Thread: Seg Faults at Random

  1. #1
    Registered User
    Join Date
    Jan 2003
    Posts
    21

    Seg Faults at Random

    hello,

    I know this is a longshot and unfortunately I cant provide too much information but in the past the people of this board have helped me out so I hoping maybe someone could give me some advice.

    I managed to write my mud which I had posted about before, its not the most efficent mud in the world but it works which is the main thing for me at the moment. I shall improve it later on but right now im experiencing a bug which is driving me nuts and I cant figure out where its going wrong.

    im getting alot of these segfaults.. (running with gdb)

    Program received signal SIGSEGV, Segmentation fault.
    chunk_alloc (ar_ptr=0x4018e300, nb=1065) at malloc.c:2990
    2990 malloc.c: No such file or directory.
    in malloc.c

    now i backtrace them and its always in different functions, etc. Completely random, Also the timing is always random aswell it could run for a while and be fine, then after a while just crash with chunk_alloc errors when a different event occurs.
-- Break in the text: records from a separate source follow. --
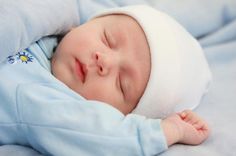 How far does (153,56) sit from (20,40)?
1.08 feet

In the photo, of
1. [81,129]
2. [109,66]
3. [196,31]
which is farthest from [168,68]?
[196,31]

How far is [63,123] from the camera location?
91 centimetres

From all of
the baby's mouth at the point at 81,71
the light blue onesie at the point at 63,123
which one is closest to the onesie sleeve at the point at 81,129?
the light blue onesie at the point at 63,123

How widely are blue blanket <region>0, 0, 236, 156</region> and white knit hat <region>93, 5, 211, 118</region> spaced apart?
82 millimetres

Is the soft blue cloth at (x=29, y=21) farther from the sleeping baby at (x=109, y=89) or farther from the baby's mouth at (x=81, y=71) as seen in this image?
the baby's mouth at (x=81, y=71)

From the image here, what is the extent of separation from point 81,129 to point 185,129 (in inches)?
9.4

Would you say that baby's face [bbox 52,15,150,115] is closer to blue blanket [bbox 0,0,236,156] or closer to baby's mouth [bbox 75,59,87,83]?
baby's mouth [bbox 75,59,87,83]

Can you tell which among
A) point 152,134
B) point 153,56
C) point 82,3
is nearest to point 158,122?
point 152,134

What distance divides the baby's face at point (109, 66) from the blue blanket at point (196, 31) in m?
0.12

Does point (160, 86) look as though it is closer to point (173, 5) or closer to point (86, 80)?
point (86, 80)

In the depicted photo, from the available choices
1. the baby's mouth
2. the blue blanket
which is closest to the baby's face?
the baby's mouth

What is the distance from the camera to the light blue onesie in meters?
0.89

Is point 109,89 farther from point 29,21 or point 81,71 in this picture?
point 29,21

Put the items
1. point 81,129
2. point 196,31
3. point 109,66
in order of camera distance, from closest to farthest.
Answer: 1. point 81,129
2. point 109,66
3. point 196,31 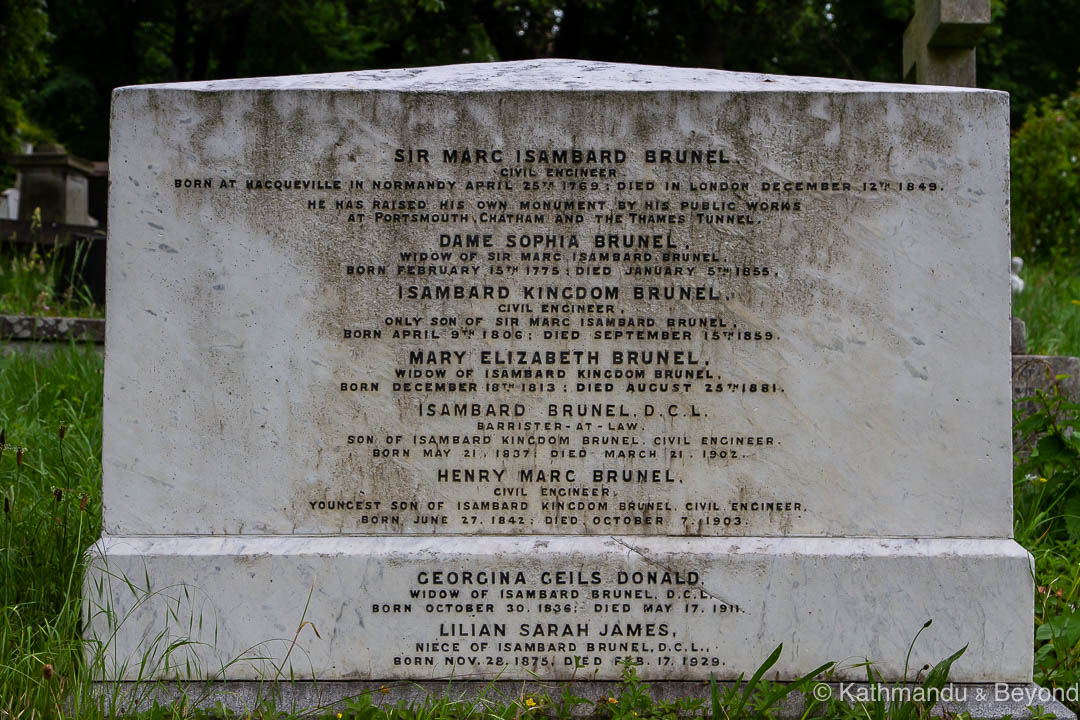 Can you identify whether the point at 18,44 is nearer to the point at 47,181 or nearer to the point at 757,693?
the point at 47,181

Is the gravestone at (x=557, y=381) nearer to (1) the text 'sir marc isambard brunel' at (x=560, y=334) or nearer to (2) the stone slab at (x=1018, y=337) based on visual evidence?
(1) the text 'sir marc isambard brunel' at (x=560, y=334)

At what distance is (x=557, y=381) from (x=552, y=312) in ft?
0.71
    Now ive searched on google for this but all i can find is pages with people dumping gdb output so im not 100% of what this error is. Im making a logical guess that in trying to allocate some memory for something its either overwriting or running out of ? Im sure its not running out of memory though as a ps -aux never see it rise above 0.9% mem usage.

    Now im running a fair few MySQL queries when people do things like /look etc and I think that maybe where my problems lye because im giving my query strings huge junks of memory like query=malloc(3096); as for a while I thought i wasnt allocating enough memory to the query strings, anyway that doesnt seem to have fixed the problems. Although could this be where my problems are ? the allocating too much memory for queries ?

    My MUD loops every second and ive built a linked list of events which the program will loop through to see if anything needs to occur. Ive double checked these functions and they all seem fine but what Im asking is, if a program is structured badly can they result in memory corruption i.e the chunk_alloc errors ? or would it just run slower but get there in the end.

    So i ask you guys if there is anyway I can try and track down where my program is going wrong, maybe some kind of memory monitor (running on linux btw) in determining if pointers are being overwritten ? I try to display as much information as possible in debug so as soon as an event occurs and it has to come out of the linked list (or go in)I display everything in the list so I can see the next pointer address, previous, etc. and its not looking like its corrupting anywhere.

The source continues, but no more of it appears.